* [TASK DIRECTIONS] For the word "Razer", return each line of the data in which it occurs.

* [DATA TO PROCESS]
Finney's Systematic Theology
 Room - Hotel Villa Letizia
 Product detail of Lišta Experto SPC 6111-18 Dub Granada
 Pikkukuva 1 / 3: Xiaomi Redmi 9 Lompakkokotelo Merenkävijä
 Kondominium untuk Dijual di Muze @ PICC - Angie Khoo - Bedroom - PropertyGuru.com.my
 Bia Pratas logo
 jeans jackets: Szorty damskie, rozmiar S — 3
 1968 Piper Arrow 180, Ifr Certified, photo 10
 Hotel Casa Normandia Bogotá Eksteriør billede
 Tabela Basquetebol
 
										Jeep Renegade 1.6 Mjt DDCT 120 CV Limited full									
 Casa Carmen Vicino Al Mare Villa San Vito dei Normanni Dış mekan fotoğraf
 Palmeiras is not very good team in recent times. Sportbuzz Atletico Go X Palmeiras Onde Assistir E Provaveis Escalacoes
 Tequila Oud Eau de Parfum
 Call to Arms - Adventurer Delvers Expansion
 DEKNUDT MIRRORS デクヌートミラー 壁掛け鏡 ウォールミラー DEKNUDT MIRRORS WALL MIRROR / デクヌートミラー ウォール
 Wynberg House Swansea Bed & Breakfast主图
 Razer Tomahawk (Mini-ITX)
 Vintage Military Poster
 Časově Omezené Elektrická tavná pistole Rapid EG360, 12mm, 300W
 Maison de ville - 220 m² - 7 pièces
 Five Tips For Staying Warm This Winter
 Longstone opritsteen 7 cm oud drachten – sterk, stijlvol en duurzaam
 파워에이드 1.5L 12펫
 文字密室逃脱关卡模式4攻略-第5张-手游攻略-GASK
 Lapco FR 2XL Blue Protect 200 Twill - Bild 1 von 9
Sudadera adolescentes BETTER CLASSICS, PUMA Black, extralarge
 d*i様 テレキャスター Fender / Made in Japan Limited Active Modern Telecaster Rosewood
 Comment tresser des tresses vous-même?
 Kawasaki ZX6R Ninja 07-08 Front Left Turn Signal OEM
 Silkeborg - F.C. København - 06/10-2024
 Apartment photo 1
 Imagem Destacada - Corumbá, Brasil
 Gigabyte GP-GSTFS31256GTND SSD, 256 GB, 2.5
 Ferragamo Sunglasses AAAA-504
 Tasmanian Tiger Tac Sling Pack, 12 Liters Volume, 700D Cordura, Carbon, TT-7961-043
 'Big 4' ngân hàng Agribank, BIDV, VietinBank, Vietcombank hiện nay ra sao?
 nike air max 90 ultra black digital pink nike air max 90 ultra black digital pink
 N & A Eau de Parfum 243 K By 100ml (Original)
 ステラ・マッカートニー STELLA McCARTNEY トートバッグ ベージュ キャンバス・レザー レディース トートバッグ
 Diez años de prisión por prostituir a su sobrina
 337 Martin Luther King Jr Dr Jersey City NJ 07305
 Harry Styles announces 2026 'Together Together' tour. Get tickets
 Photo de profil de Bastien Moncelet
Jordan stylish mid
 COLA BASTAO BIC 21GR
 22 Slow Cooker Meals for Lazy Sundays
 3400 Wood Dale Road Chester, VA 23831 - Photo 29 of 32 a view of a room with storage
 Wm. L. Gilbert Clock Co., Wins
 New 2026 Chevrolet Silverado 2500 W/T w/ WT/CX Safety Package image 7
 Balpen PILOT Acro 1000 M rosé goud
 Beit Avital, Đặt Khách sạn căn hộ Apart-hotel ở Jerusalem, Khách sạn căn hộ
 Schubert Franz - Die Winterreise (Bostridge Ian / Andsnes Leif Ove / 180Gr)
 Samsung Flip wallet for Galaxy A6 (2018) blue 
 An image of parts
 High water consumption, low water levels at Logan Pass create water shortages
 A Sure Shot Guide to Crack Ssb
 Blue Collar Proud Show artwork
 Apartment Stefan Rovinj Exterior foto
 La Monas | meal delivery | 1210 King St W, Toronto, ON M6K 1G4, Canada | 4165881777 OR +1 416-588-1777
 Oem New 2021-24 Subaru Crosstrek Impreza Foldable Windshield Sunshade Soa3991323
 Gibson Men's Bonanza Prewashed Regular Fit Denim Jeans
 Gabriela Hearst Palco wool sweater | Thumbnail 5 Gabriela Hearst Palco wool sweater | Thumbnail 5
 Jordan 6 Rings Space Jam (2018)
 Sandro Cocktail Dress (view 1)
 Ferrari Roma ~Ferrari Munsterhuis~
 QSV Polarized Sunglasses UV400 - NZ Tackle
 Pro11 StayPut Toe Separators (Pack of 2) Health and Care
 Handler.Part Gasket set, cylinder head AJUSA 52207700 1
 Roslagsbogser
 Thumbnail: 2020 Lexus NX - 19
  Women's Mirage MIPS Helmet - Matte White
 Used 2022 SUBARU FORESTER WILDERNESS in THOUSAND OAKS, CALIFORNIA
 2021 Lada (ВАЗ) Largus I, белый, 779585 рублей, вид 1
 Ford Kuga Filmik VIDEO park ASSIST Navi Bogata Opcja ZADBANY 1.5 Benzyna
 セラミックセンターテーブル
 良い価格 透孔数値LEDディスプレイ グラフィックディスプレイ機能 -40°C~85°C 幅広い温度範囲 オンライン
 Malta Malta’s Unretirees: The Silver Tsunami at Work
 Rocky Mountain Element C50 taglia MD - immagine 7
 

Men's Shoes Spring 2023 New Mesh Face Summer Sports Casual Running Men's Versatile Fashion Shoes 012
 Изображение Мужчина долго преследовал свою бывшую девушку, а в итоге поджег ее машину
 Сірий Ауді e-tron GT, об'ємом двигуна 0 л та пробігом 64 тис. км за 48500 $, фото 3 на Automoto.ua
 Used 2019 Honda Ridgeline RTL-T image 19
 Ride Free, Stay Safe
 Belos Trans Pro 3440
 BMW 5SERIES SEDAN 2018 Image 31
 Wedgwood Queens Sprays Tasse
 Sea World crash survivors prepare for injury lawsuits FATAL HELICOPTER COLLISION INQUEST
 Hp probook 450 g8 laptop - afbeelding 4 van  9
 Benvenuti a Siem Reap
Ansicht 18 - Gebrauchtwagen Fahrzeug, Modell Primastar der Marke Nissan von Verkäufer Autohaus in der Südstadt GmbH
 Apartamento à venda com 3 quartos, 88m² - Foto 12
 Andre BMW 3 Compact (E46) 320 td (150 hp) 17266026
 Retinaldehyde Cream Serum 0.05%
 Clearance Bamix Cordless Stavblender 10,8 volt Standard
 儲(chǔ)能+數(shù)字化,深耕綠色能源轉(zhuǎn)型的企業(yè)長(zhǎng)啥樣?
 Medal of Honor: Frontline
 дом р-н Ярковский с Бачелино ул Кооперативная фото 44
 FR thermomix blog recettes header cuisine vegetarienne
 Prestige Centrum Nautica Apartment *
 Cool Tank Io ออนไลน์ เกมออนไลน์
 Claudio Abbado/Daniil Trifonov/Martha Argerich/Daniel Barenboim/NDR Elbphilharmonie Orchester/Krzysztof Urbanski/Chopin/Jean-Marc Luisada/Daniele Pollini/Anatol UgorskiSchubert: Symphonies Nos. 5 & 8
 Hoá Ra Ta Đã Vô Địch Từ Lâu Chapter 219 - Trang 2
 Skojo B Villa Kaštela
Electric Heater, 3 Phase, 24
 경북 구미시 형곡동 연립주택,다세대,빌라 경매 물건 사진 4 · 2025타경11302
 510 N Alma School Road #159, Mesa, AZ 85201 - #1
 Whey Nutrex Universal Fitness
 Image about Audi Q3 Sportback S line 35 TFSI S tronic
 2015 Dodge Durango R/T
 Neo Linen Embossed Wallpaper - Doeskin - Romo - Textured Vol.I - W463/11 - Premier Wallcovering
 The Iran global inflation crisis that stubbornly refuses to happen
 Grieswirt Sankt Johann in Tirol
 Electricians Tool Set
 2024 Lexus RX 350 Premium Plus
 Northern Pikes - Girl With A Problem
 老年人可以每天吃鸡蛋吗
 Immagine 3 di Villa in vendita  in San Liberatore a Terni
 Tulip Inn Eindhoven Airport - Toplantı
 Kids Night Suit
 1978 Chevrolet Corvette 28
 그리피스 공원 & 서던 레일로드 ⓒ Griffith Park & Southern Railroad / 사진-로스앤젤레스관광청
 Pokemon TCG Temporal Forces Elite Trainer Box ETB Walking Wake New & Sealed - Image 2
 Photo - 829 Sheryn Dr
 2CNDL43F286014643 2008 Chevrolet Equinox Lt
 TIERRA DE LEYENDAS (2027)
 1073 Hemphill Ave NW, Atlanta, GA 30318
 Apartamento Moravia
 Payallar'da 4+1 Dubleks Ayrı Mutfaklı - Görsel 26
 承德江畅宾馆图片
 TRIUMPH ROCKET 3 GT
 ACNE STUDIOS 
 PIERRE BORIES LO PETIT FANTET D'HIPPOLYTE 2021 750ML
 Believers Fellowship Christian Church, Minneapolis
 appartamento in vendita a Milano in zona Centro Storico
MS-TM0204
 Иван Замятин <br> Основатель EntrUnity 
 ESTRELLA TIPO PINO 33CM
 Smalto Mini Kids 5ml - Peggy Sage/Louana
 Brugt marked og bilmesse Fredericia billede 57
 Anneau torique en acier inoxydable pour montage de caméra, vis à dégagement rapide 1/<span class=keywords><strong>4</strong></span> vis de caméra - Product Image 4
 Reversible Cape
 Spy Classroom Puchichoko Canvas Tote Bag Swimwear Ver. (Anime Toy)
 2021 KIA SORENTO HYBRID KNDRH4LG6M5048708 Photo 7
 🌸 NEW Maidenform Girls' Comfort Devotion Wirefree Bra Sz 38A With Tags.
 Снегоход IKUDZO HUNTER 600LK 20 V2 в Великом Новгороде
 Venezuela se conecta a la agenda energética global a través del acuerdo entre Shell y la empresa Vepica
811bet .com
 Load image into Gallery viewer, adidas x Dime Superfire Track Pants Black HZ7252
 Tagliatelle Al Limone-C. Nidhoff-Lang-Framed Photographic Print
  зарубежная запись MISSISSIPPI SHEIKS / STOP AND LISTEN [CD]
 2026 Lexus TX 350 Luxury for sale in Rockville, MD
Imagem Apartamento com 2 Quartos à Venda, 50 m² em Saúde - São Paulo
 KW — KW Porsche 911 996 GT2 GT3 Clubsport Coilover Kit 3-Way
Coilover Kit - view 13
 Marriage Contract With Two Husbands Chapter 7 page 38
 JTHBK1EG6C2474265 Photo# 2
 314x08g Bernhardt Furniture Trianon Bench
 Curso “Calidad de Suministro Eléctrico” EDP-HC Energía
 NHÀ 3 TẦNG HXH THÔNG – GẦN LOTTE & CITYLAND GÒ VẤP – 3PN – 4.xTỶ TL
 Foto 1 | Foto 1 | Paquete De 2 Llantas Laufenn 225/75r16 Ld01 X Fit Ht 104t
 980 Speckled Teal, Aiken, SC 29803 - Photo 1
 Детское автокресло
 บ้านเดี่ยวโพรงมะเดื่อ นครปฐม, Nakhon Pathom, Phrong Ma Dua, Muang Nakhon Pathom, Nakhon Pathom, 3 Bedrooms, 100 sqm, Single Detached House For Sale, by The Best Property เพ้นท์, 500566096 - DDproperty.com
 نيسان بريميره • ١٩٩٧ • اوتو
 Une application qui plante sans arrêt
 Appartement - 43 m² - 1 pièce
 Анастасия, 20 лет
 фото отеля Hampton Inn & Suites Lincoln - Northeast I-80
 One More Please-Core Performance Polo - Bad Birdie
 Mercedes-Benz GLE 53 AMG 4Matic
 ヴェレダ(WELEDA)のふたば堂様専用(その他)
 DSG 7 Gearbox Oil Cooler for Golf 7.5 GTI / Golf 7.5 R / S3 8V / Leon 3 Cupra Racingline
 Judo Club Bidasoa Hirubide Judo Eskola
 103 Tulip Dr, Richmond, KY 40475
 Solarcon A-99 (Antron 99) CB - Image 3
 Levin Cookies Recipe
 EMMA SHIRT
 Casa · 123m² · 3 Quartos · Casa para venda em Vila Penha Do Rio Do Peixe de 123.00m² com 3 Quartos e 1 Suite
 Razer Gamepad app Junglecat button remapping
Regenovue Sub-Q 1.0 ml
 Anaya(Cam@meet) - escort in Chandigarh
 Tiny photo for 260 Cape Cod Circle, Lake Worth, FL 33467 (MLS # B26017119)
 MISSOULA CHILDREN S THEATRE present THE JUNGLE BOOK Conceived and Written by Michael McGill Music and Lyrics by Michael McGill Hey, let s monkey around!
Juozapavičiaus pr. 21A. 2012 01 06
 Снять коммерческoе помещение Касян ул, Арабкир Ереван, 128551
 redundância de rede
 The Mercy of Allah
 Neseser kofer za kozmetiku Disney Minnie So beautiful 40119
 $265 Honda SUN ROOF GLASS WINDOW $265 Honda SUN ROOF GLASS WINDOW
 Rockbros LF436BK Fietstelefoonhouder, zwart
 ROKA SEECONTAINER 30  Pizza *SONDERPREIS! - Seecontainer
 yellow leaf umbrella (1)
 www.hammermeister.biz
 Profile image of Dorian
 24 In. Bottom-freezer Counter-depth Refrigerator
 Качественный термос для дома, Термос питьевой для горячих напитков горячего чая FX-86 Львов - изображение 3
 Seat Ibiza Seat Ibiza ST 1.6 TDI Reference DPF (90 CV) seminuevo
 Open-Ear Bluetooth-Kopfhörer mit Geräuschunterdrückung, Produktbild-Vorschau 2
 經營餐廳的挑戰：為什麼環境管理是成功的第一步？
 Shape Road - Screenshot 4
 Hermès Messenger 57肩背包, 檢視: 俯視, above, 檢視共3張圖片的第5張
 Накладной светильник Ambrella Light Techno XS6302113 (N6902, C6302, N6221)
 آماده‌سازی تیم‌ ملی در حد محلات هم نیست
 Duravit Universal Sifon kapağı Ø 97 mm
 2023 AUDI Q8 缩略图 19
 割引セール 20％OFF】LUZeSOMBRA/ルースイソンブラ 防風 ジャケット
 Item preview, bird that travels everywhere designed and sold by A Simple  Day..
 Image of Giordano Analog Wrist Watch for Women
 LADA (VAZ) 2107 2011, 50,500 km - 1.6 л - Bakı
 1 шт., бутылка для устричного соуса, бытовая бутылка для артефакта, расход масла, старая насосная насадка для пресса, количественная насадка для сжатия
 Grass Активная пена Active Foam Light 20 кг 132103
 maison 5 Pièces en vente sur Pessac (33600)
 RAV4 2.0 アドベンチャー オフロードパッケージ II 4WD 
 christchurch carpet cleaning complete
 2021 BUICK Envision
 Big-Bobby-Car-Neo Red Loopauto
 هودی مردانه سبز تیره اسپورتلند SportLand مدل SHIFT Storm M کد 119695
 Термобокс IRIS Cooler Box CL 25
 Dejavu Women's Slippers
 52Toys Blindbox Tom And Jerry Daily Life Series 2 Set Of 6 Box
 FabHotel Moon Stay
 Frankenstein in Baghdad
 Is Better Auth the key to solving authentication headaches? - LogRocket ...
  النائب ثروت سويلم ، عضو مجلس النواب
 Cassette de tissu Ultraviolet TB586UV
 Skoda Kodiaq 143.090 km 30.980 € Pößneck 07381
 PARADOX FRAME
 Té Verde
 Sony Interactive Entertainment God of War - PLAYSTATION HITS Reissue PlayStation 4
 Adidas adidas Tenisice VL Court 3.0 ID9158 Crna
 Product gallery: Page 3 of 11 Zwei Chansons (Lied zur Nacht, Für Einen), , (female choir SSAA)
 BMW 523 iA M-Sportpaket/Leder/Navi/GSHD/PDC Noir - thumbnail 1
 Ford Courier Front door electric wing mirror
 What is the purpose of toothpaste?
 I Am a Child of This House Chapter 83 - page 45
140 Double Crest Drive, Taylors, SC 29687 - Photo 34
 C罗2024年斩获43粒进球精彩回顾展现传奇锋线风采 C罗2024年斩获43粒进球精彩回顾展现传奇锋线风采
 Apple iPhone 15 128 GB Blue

* [RESULT OF THIS EXERCISE]
 Razer Tomahawk (Mini-ITX)
 Razer Gamepad app Junglecat button remapping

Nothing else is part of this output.